God’s Blessing and Judgement
Among God’s people, God raises up new leaders, and He shows once again both His blessing and His judgment, now through Moses, Joshua, Judges, and Samuel.
Blessing and judgment. It’s at this point in Scripture that we come to the riddle of the Old Testament. Exodus 34:6–7, “The Lord, the Lord, the compassionate and gracious God, slow to anger, abounding in love and faithfulness, maintaining love to thousands, and forgiving wickedness, rebellion and sin. Yet he does not leave the guilty unpunished.” God, the King, is full of mercy, and He is full of wrath.
We see the King’s judgment in powerful, frightening ways. Whether it’s the plagues in Egypt, culminating in firstborn sons being struck down throughout pagan Egypt. Or whether it’s the wrath of God evident in the time of the judges.
At the same time, we see the King’s blessing everywhere. God remembers His people in Egypt, He hears their cries, and He delivers them. He brings them out of Egypt to Mt. Sinai where they worship Him and He gives them His law. And there He promises that He is going to dwell with His people.

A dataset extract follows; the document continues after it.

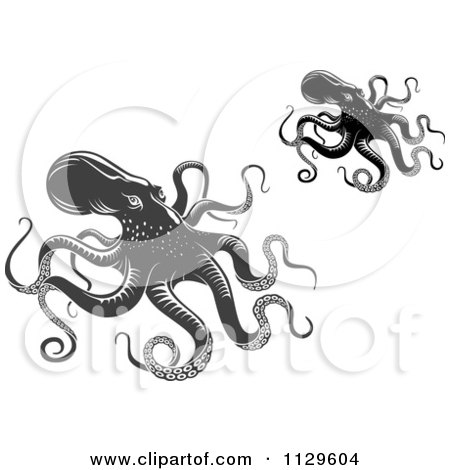 Clipart Of Black And White And Gray Octopuses - Royalty Free Vector Illustration by Vector Tradition SM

Revelation 21:1–22:5 Shows Us That God Is the Lord
When it comes to place, God says, “I am going to be with you, dwell with you as my people in a tabernacle.” God outlines what this tabernacle should look like, with an area at the center of the tabernacle called the holy of holies, which especially depicts the glory of God’s name and His presence among His people. Only the high priest at special times is able to enter in to the holy of holies, the place where God the King dwells among His people.
God gives them His law and regulations for worship in Leviticus. In Numbers, they rebel against Him and end up wandering in the desert until an entire generation passes away and a new one rises up, led by Joshua, to enter into the Promised Land. And they do. In it all, God’s glory is made known to all peoples through His deliverance.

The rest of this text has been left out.